C’est la raison pour laquelle le traitement des commentaires UX (par le biais de tests, d’examens d’experts, d’analyses, etc.) doit être prioritaire par rapport au traitement des commentaires provenant d’autres canaux. S’il est fait correctement, ce feedback est le moins biaisé de tous et vous proposera des recommandations d’un point de vue neutre, adaptées à ce que vous essayez d’accomplir (expérience) et en fonction de votre public cible (utilisateur).

Idée reçue #4 – Il n’y a pas assez de temps/d’argent pour l’UX

timeCréer des jeux est difficile.
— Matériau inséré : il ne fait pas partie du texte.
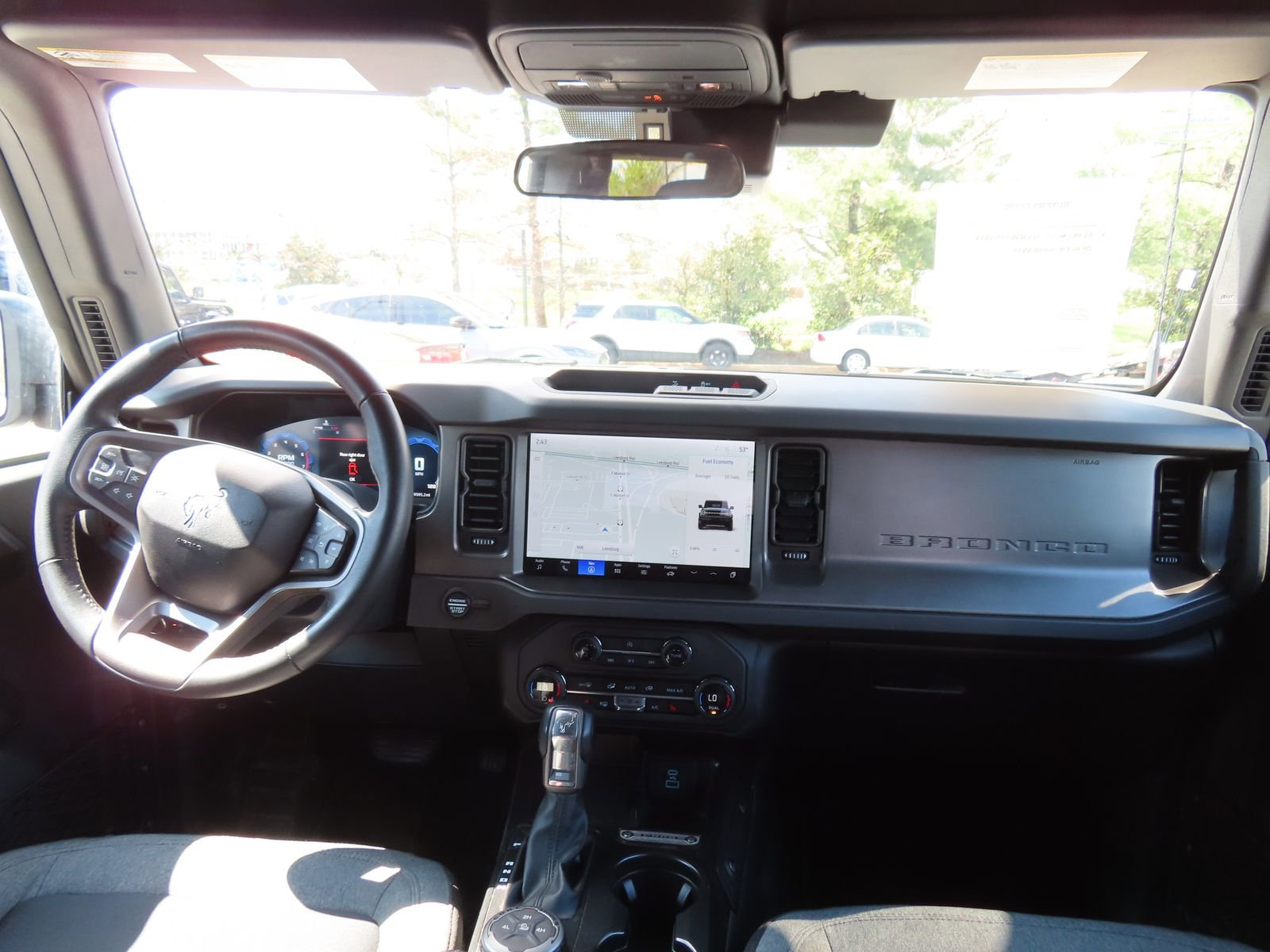 Used 2025 Ford Bronco Big Bend image 15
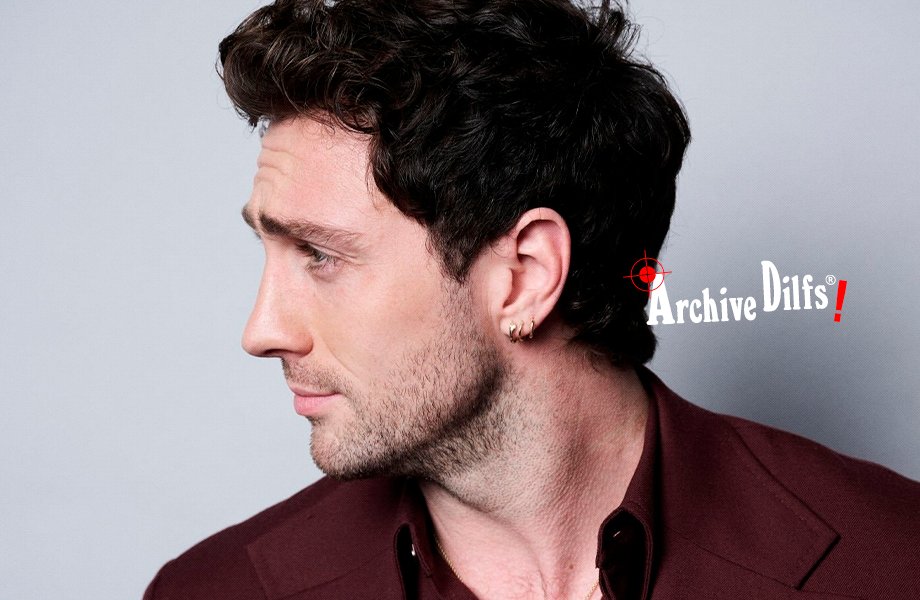 archivedilfs's tweet photo. TOP DILFS OF THE YEAR

17 • Aaron Taylor Johnson https://t.co/u4V30H3zq0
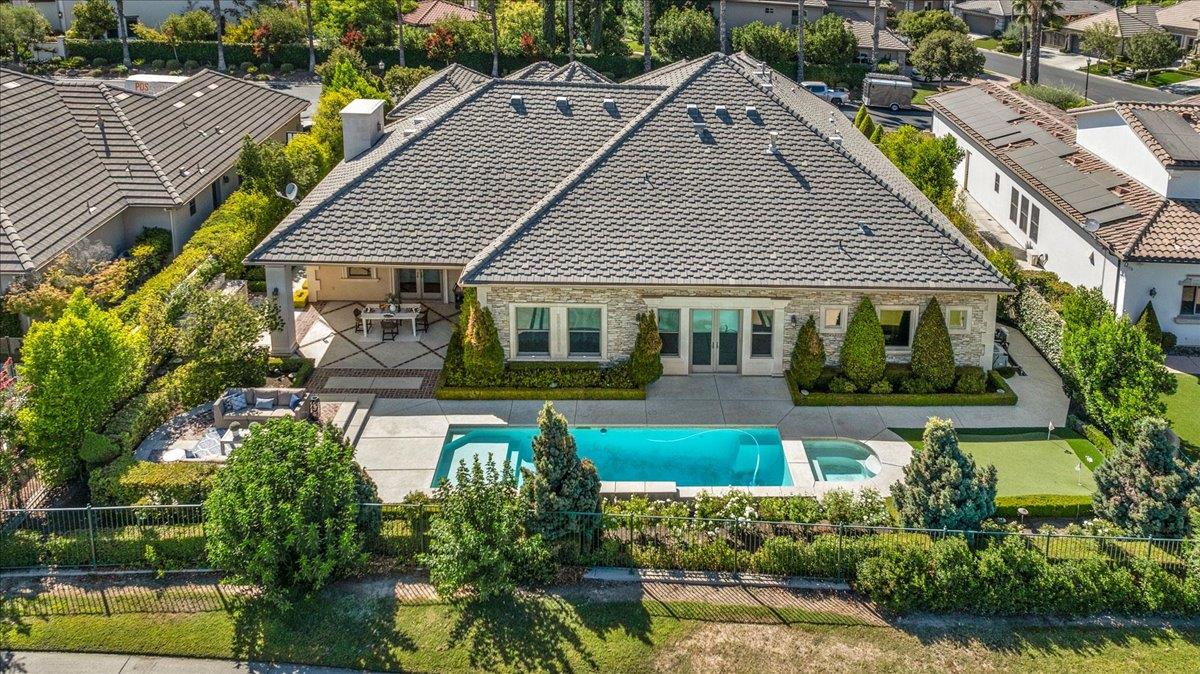 11350 N Glencastle Way, Fresno, CA, 93730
Très souvent, les développeurs n’ont pas beaucoup de ressources pour appliquer les bonnes pratiques UX. Ils n’ont pas de laboratoire et ils n’ont pas de doctorats en quelque sorte pour leur fournir une expertise UX. Cependant, le fait est que si vous construisez votre jeu uniquement à partir de votre point de vue et si vous ne testez jamais rien, il y a de fortes chances que vous échouiez lorsqu’il sera trop tard et trop coûteux à récupérer. La plupart des développeurs ne livreront pas de jeu avant d’avoir effectué des tests d’assurance qualité approfondis, car nous comprenons tous à quel point un bogue désagréable peut être dommageable pour un jeu. Eh bien, expédier un jeu avec des problèmes UX critiques est tout aussi dommageable.

Ne vous demandez pas si vous pouvez vous permettre de penser à l’UX, demandez-vous si vous pouvez vous permettre de ne pas le faire .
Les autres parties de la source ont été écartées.